The movie is "not about a woman and a railroad and a man and metal," Johansson insists. "It's about human achievement and the nobility of the human spirit." While he is aware of the rabid Rand fan community waiting to dissect his work, "I can't make a movie for this imagined group out there, whether Rand lovers or haters. That would be like art by committee."
It's an attitude reminiscent of Rand's Fountainhead hero Howard Roark, her clearest representation of the ideal of a romantic creative artist. Roark, like Rand, insists on having ultimate control over his creative work.
Johansson has some Roark in him. Filming Rearden's office scenes, he confronts Kaslow about plans to recut the movie after Johansson is done. Johansson is shooting a scene at Rearden's desk. A statue of Atlas holding up the world is centered between Rearden and his computer monitor. Kaslow doesn't like how it looks. "Why are you bothering to tell me this now?" Johansson snaps at Kaslow, in front of Kaslow's young son. "Aren't you just going to take the film from me and do whatever you want to it afterward anyway?" The director makes things so uncomfortable for Kaslow and his son that they leave the set.
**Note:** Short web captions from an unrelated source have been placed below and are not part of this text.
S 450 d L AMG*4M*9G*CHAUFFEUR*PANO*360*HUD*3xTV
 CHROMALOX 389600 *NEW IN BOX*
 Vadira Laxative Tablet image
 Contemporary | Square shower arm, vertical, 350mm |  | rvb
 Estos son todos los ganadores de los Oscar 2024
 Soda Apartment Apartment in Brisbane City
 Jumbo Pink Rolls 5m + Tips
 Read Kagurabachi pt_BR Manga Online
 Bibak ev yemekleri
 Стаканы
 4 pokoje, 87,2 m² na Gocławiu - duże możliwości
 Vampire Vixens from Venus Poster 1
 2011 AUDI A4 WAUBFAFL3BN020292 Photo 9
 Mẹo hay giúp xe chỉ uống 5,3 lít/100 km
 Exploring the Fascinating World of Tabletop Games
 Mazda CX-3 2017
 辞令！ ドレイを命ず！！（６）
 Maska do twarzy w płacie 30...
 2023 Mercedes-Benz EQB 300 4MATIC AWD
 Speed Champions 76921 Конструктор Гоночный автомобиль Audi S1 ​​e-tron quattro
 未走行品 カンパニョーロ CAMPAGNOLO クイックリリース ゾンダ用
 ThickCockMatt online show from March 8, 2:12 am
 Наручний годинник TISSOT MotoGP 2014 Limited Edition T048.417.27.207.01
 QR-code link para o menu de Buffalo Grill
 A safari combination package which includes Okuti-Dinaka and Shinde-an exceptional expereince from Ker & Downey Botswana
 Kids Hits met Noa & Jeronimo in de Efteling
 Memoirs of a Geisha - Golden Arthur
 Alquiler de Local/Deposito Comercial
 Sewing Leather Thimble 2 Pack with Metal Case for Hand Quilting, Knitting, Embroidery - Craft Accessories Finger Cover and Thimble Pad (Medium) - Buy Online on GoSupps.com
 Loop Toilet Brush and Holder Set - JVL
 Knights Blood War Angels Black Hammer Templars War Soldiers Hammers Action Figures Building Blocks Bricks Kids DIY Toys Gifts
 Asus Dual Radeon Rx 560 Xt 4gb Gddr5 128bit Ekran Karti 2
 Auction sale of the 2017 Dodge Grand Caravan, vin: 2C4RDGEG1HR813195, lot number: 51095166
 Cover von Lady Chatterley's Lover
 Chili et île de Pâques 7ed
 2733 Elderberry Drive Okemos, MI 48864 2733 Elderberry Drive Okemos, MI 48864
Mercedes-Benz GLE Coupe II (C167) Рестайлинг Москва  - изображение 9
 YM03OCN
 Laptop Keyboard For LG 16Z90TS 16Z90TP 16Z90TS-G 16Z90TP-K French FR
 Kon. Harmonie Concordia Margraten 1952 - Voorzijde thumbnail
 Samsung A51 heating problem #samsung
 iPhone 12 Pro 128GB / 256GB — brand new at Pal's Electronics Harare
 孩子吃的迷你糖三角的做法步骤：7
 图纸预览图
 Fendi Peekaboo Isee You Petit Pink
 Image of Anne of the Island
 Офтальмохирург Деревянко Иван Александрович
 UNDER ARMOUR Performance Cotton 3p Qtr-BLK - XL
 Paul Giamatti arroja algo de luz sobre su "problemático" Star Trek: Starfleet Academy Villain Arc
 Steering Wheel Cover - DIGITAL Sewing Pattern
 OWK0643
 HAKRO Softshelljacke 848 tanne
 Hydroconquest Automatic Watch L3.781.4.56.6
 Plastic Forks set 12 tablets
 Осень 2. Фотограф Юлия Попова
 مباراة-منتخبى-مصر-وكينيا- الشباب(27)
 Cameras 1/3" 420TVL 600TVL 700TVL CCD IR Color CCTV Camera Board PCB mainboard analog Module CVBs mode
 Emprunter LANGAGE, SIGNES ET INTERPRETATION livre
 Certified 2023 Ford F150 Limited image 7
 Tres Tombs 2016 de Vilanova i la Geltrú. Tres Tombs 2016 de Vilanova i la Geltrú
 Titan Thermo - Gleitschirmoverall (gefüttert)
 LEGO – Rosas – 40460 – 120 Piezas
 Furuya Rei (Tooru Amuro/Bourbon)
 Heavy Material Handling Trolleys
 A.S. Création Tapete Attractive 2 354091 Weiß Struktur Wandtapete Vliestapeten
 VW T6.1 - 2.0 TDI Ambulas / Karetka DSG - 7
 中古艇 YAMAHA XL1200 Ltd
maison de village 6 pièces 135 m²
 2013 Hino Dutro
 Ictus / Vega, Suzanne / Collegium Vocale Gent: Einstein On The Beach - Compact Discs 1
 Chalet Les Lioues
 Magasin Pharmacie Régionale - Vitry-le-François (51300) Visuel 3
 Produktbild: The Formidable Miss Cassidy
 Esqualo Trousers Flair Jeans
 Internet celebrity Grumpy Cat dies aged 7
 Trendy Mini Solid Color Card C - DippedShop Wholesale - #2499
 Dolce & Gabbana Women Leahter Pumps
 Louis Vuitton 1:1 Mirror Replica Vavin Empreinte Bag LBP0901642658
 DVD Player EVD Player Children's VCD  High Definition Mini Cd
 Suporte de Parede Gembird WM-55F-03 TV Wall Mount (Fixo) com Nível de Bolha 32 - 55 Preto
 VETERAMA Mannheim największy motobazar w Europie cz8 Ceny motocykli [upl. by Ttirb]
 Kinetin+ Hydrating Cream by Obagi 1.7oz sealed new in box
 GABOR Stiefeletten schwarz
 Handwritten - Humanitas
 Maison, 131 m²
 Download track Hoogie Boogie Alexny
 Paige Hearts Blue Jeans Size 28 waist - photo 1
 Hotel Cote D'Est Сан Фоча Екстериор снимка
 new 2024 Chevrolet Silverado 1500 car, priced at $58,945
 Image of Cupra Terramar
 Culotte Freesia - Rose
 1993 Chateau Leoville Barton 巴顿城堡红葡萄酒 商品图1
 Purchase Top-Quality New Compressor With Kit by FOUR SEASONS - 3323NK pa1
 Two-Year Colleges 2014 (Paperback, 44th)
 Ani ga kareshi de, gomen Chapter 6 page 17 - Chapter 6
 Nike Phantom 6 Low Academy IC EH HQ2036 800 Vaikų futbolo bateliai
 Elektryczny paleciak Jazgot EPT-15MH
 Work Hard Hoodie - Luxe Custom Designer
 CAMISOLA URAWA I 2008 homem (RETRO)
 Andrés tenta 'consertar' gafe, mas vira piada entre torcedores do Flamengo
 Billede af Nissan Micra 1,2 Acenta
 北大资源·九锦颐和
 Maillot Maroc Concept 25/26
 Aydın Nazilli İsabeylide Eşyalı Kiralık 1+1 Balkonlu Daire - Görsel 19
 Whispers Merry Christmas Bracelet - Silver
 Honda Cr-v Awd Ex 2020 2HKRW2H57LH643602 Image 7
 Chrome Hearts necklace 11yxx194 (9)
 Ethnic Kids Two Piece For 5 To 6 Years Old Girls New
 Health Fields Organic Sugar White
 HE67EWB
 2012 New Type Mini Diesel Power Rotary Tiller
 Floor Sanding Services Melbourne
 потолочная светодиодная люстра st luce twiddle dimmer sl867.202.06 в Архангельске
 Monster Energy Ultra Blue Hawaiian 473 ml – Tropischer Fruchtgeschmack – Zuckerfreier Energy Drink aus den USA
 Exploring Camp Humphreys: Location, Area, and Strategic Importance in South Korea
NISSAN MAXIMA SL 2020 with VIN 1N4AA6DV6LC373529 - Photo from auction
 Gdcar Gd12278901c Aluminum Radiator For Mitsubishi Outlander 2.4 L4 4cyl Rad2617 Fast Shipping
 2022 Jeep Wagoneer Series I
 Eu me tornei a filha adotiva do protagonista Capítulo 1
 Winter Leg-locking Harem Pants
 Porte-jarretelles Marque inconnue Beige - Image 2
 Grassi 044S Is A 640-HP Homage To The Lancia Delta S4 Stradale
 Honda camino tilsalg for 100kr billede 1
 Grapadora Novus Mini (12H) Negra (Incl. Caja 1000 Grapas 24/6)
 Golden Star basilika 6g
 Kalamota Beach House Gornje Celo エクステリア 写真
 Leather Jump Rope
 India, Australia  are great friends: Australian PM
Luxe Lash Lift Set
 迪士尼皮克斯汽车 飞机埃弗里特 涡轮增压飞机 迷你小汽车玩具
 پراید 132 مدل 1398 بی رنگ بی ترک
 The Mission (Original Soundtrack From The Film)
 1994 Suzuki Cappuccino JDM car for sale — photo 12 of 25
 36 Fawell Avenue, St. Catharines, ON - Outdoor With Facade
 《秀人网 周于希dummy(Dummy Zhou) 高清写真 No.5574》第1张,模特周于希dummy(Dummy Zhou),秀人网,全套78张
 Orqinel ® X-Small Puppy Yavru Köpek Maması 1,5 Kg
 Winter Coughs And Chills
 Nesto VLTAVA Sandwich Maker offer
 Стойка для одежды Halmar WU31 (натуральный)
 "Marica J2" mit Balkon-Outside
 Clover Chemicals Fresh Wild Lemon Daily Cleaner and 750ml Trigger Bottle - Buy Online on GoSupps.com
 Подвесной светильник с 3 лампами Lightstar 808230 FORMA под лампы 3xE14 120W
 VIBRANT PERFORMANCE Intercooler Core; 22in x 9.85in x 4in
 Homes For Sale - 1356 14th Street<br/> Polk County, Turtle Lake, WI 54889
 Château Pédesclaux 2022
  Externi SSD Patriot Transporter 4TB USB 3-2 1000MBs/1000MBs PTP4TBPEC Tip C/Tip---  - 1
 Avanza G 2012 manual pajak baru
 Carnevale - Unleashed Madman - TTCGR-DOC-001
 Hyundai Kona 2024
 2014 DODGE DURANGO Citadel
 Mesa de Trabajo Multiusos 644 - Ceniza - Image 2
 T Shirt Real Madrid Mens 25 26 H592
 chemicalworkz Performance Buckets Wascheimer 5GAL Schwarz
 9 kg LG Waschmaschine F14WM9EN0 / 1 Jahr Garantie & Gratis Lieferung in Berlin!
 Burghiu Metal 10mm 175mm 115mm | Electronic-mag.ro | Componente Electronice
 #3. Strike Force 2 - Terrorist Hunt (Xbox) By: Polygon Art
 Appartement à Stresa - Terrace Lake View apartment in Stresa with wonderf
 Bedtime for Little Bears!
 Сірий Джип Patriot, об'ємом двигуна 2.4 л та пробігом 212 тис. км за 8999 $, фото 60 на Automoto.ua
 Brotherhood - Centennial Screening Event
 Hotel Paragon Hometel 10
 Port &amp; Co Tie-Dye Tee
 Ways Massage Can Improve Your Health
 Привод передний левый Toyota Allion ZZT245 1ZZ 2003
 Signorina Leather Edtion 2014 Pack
After they leave, Johansson talks, frustrated, about philosophically minded businessmen who have never made a movie trying to impress their friends at think tanks and presuming they can do better than the man they hired for the job. When I sit in on a session months after the shooting is done, where actors were re-recording some of their lines over finished video, Johansson is not around. A man involved in post-production work alludes to irreconcilable differences between Aglialoro and his director. Johansson tells me, in the spirit of Roark, that "if I was to go out and cheer for something and take credit for something I didn't complete—I have a son coming. I want him to know his father is someone who doesn't do that. I can't take that credit" for the finished film. "That film is John Aglialoro's film."
'All the Objectivists Are Going to Fucking Hate Me'
Aglialoro and company have a big advantage: the vivid hold that the novel has on the imaginations of millions of readers. That is also a big disadvantage. The filmmakers can't compete with a passionate fan's dream vision of what his favorite book should look and feel like on screen, Kaslow says—or with fans who decide to take on the dead Rand's mantle of control and disapproval.
In the novel, Dagny is a brunette. Would Rand tolerate a blonde woman in the role, as many griping on the Internet cannot? Well, she did once imagine Farrah Fawcett-Majors in the role. Could she tolerate a black Eddie Willers (Dagny's assistant), as again many fans apparently cannot? She never thought of skin color as essential, condemning racism as "the lowest, most crudely primitive form of collectivism."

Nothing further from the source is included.